Zu „Demonstration des Pflegepersonals in Haag“, im Regionalteil:

Ich bin entsetzt über den kurzen Bericht von der Demonstration des Pflegepersonals in Haag. Es gibt bei diesem Thema viele Punkte, um die es geht und Zustände, unter denen wir täglich arbeiten und leiden, die immer weniger für uns und auch für die Patienten zu ertragen sind.
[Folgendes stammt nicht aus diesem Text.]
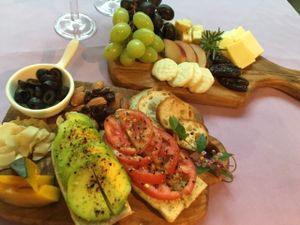 Vegan cheese platter with fresh fruit and bread at Le Jardin du Petit Prince in Taichung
Es sind erschütternde Zustände, die sich wahrscheinlich schon durch Politik entwickelt und verschlechtert haben. Wir wollen in erster Linie eine Verbesserung in unseren regionalen Kliniken und natürlich für die Landes- und Bundespolitik ein Zeichen setzen. Auch wird bei Ihnen jeder X und Y interviewt, aber ein Interview mit uns Pflegenden interessiert anscheinend keinen. Einige von uns haben es endlich geschafft, obwohl wir lauter sehr sozial eingestellte Menschen sind, auf die Straße zu gehen und aufzubegehren! Es ist „5 für 12“ und brennen tut es schon sehr viel länger! Wichtig ist in Ihrem kurzen Artikel „Die Demonstration verlief ohne Zwischenfälle, alles ist in geordnetem Rahmen verlaufen.“ Ja, hätten Sie gedacht, dass wir Ausschreitungen und Zwischenfälle haben, wie rabiate Gruppen, um danach unsere Verletzten selber zu pflegen? Vielleicht gehören Sie auch zu denen, die das Thema möglichst ruhig halten wollen, um das Nest „Krankenhaus Mühldorf/Haag“ nicht zu beschmutzen. Wenn nicht, hätte ich mindestens erwartet, dass Sie bei der anschließenden Diskussionsrunde dabei sind und nicht mit Abwesenheit glänzen wie die Geschäftsführung und eingeladene Politiker. Anschließend hätte ich einen ausführlichen Bericht erwartet. Ist es Ihnen egal, wenn auch in Mühldorf/Haag irgendwann vielleicht Bereiche geschlossen werden, weil es kein ausreichendes Pflegepersonal mehr gibt, das diese Arbeit erträgt? Beispiele gibt es ja schon genügend, wie in der Haunerschen Kinderklinik München, die Monate die Notaufnahme geschlossen hat, wegen Personalmangels.